The Architecture of Silence
Translator Maren Baudet-Lackner preserves Lewat’s "fact-based fury." The prose carries a cinematic weight, contrasting the stifling salons of the elite with the "Aquatics"—a marginalized neighborhood defined by rising tides and social stagnation. Lewat uses water as a central metaphor: it is both a force of evolution and the weight of a crushing tradition.

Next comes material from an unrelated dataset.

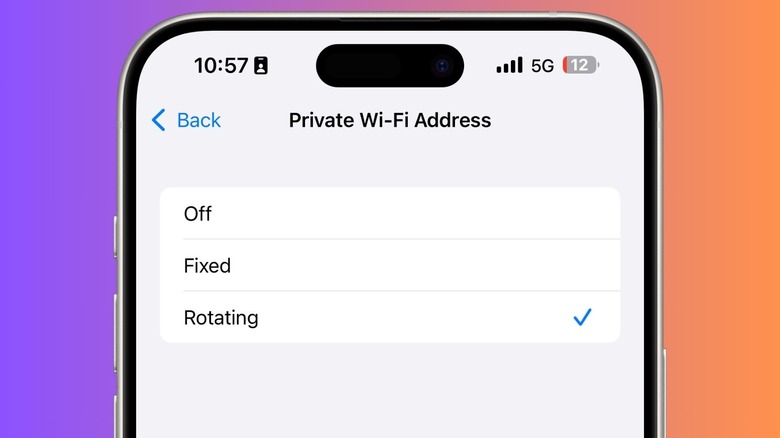 Wi-Fi rotation on iPhone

Katmé Abbia is a masterfully executed protagonist. Lewat avoids the hero trope, presenting instead a woman undergoing a painful stripping of privilege. As her husband, Tashun, maneuvers through the cold mechanics of political survival, Katmé discovers the decay beneath the gilding. Lewat demonstrates that the personal is political; a simple act of loyalty triggers the total dissolution of a curated worldview.

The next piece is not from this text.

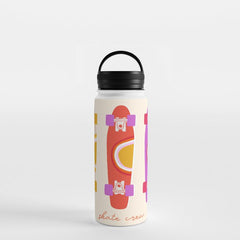 70's skate crew Water Bottle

"The simple act of seeking safety for a friend becomes the catalyst for the total dissolution of a woman’s worldview."
A Morality Tale for the Modern Age
The Aquatics transcends the political thriller genre through lyrical depth. Lewat frames the criminalization of identity as a spiritual crisis rather than a mere legislative failure. The narrative poses a vital question: What is the cost of security when it requires the suffering of others? Samy, the artist, serves as the novel's incandescent core—a provocation the state remains desperate to censor.

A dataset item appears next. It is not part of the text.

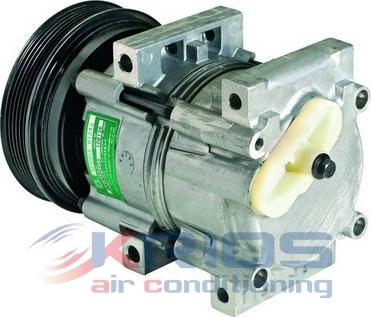 Hoffer KSB009V - Компрессор кондиционера unicars.by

Lewat’s background in documentary storytelling shines in her "visual writing." Her narrator’s gaze mimics a close-up lens, capturing the minute tremors of a hand or the seismic shifts in a character's expression. The "Aquatics" neighborhood serves as the essential liminal space where the concrete structures of power meet the fluid uncertainty of truth.
Our Verdict
Rating: 9/10
The Aquatics is a necessary meditation on loyalty and the grit required to live truthfully. Lewat establishes herself as a formidable voice in world literature. This is an essential read for those who demand fiction with gravity and technical precision.